Cortes podem acentuar desigualdades regionais
por Ion de Andrade
Em artigo anterior (clique aqui para ler) eu apontei três problemas decorrentes do Pacote de Cortes:
- o fato de que pune os mais pobres, por exemplo os setores médios não foram exigidos de contribuir com nenhum centavo para o esforço de assegurar o “equilíbrio” fiscal pretendido; mas o recebedor do Salário Mínimo, sim; numa engenharia política que fez a classe média aderir, e não por acaso, a um pacote gratuito para ela, que lhe pareceu, portanto, muito razoável minando a solidariedade interna ao campo progressista;
- o fato de que dividiu a esquerda e inclusive o PT onde se abriu uma dissidência difícil de ser remediada enquanto seus efeitos durarem e
- o fato de que atacando o Poder de Compra do Salário Mínimo e de todas as transferências sociais calculadas com base nele, com destaque, então, para o BPC, haveria risco real para as eleições de 2026.
Mas há outro problema que não me veio ao espírito quando escrevi o artigo, que foi sugerido pelo Professor da UFAL o meu amigo Marcelo Karloni da Cruz e que compõe esse quadro:
- o fato de que o pacote de cortes acentua os desequilíbrios regionais de renda fazendo pagar proporcionalmente mais por ele os estados da federação nos quais a renda média depende mais do salário mínimo e das políticas sociais.
O mapa abaixo mostra, conforme descreve o IBGE, o “Rendimento médio mensal real das pessoas de 14 anos ou mais de idade ocupadas na semana de referência com rendimento de trabalho” por unidade da federação para o terceiro semestre de 2024, variável que pode ser obtida no site do IBGE e está disponível em https://sidra.ibge.gov.br/tabela/5436.
Instituto Brasileiro de Geografia e Estatística (IBGE), Tabela 5436 – “Rendimento médio mensal real das pessoas de 14 anos ou mais de idade ocupadas na semana de referência com rendimento de trabalho, habitualmente recebido no trabalho principal e de todos os trabalhos (Reais)”, por Unidade da Federação para o terceiro trimestre de 2024, Brasília 2025
Estamos admitindo aqui a ideia de que quanto menor a renda, maior a dependência do Salário Mínimo e das Transferências Sociais na composição da renda média.
Se essa premissa for verdadeira, o que temos com o Pacote é que o esforço garantidor do “equilíbrio” fiscal da União, (que representa todos os estados e municípios, os mais ricos e os mais pobres), será custeado proporcionalmente em maior volume pelos estados e municípios mais dependente do Salário Mínimo na formação da renda média domiciliar e que são os mais pobres.
É presumível, portanto, que a aplicação do Pacote de Cortes venha a ampliar a assimetria da renda entre os estados mais e menos dependentes do Salário Mínimo para a formação da renda média domiciliar, empobrecendo os mais pobres de onde sairão os 110 bilhões pretendidos pelo Ministério da Fazenda com os reajustes a menor previstos.
A crítica ao arcabouço e ao pacote de cortes se tornou uma espécie de tabu no contexto da esquerda pelo medo de que ela (a crítica) venha a minar as chances de reeleição de Lula.
Mas quem critica o faz por preocupação justamente com os riscos para a permanência do governo Lula para além de 2026 e não para enfraquecer o governo e porque espera que contrapesos possam ser implementados para compensar a insatisfação social que poderá vir na esteira dos cortes.
Para além disso, podemos ficar tranquilos também por duas razões:
- Para a extrema direita, que disputa o Poder com o campo democrático, essa crítica interna é inócua ou nula de efeitos porque ela não se mobiliza em defesa do Poder de Compra do Salário Mínimo.

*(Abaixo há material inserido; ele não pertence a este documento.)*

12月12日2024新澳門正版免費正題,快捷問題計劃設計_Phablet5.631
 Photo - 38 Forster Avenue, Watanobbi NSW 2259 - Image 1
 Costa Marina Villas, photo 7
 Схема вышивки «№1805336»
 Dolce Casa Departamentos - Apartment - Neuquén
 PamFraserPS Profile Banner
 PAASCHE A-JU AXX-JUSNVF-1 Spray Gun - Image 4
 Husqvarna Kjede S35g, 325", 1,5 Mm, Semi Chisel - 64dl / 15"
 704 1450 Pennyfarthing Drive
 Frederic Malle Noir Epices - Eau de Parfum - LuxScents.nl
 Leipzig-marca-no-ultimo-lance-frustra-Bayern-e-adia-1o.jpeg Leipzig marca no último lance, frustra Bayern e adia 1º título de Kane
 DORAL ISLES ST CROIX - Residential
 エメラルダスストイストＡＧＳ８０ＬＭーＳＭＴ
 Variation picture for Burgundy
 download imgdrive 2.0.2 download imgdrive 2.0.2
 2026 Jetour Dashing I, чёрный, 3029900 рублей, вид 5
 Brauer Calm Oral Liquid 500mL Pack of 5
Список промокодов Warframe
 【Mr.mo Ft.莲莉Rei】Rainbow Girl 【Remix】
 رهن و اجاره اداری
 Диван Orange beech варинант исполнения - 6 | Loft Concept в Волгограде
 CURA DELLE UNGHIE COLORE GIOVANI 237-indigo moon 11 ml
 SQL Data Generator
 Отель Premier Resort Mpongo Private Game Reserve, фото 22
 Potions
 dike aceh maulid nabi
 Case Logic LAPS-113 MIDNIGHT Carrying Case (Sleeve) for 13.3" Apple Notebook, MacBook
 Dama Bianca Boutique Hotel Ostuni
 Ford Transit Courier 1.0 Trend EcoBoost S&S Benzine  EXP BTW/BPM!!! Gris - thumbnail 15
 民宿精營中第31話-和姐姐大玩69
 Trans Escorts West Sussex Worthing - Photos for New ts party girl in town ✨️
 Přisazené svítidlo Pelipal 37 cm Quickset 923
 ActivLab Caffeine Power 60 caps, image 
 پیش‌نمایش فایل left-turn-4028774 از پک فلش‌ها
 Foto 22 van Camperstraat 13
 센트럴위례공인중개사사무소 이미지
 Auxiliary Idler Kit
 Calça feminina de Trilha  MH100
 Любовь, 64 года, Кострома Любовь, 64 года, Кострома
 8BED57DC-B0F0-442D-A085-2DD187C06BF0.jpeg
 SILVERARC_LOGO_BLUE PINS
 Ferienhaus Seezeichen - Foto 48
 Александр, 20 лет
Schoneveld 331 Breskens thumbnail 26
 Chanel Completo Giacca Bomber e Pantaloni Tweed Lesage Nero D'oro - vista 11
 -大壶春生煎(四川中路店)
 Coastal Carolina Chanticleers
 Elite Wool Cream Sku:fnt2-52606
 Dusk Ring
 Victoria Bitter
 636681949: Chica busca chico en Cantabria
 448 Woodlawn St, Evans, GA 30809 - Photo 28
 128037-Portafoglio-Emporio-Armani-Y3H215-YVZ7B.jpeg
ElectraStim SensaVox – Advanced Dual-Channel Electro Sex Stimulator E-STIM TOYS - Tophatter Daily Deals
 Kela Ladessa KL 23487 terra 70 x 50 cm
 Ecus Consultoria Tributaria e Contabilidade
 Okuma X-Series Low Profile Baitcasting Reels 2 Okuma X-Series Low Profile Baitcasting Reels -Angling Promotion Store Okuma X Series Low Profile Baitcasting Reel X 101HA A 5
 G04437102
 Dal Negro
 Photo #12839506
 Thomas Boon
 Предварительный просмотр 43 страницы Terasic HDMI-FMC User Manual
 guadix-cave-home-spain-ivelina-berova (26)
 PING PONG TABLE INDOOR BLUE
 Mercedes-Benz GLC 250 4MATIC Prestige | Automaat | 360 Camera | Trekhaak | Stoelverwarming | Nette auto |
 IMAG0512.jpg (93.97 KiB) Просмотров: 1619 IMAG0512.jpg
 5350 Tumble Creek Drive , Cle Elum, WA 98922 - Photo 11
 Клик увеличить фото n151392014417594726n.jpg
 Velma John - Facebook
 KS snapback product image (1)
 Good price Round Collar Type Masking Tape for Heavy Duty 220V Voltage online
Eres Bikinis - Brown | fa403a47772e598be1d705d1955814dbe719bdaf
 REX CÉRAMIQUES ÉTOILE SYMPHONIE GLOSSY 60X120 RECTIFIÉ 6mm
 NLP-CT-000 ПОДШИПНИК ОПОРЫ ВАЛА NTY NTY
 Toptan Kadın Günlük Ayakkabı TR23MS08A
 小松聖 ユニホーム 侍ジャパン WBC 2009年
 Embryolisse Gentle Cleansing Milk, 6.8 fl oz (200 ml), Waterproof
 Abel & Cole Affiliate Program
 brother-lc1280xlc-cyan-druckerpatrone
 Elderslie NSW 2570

Na verdade, a extrema direita queria mais cortes e
- Não será pela mídia alternativa (ele não nos lê) que o trabalhador que recebe o Salário Mínimo vai formar opinião contra o governo, é por conta própria mesmo, uma formulação coletiva no contexto de suas comunidades pobres onde mais do que ele muitos estarão na mesma situação.
A razão é que ninguém pode enganar o trabalhador pobre sobre quanto vale o seu salário. Vivendo com o cinto no último furo, ele tem a melhor e mais fiel ferramenta econômica para saber qual é o poder de compra real do que ele recebe.
Ion de Andrade é médico pediatra e epidemiologista, atualmente é professor visitante na UFRN junto ao departamento de Engenharia Biomédica. Terminou o seu segundo grau profissionalizante na França em Ciências Econômicas e Sociais, área em que sempre manteve vivo interesse e estudo.